Dear hdf-forum members,
I have a problem I am hoping someone can help me with. I have a program
that outputs a 2D-array (contiguous, indexed linearly) using parallel
HDF5. When I choose a number of processors that is not a power of 2
(1,2,4,8,...) H5Fclose() hangs, inexplicably. I'm using HDF5 v.1.8.14,
and OpenMPI 1.7.2, on top of GCC 4.8 with Linux.
Can someone help me pinpoint my mistake?
I have searched the forum, and the first hit [searching for "h5fclose
hangs"] was a user mistake that I didn't make (to the best of my
knowledge). The second didn't go on beyond the initial problem
description, and didn't offer a solution.
Attached is a (maybe insufficiently bare-boned, apologies) demonstrator
program. Strangely, the hang only happens if nx >= 32. The code is
adapted from an HDF5 example program.
The demonstrator is compiled with
h5pcc test.hangs.cpp -DVERBOSE -lstdc++
( on my system, for some strange reason, MPI has been compiled with the
deprecated C++ bindings. I need to include -lmpi_cxx also, but that
shouldn't be necessary for anyone else.

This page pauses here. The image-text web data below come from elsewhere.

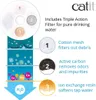 Catit Senses 2.0 kwiatowa fontanna do picia Podgląd zdjęcia produktu 11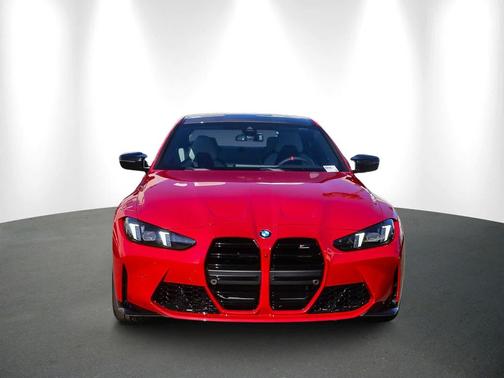 2026 BMW M4 Base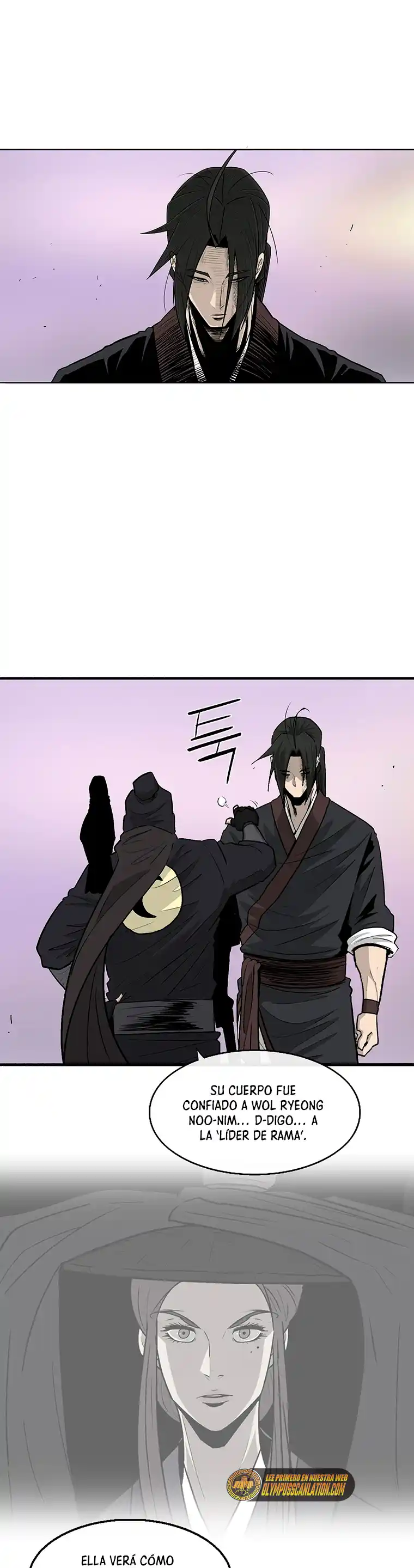 Legend Of The Northern Blade - Capítulo 130 - Página 18 - LectorTMOo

I hope that's not the reason for
the hang-ups. )
Thanks in advance for your help!
Wolf Dapp
--
#include <stdlib.h>
#include <string>
#include <cassert> // assert()
#include <mpi.h>
#include <hdf5.h>
int myID = 0, iNumOfProc = 1, root = 0;
const int nx = 32, ny = nx;
int nxLocal, ixStart;
inline int getLinearIndex(int ix, int iy) { return ix*ny+iy; };
template<typename T> struct TypeIsDouble { static const bool value = false; }; // helper functions to test double
template<> struct TypeIsDouble< double > { static const bool value = true; };
template<typename T>
void writeH5( const char *name, double * field)
{
// nxLocal == how many cols (of length ny each) does this process own [ie. the block is nxLocal x ny in size]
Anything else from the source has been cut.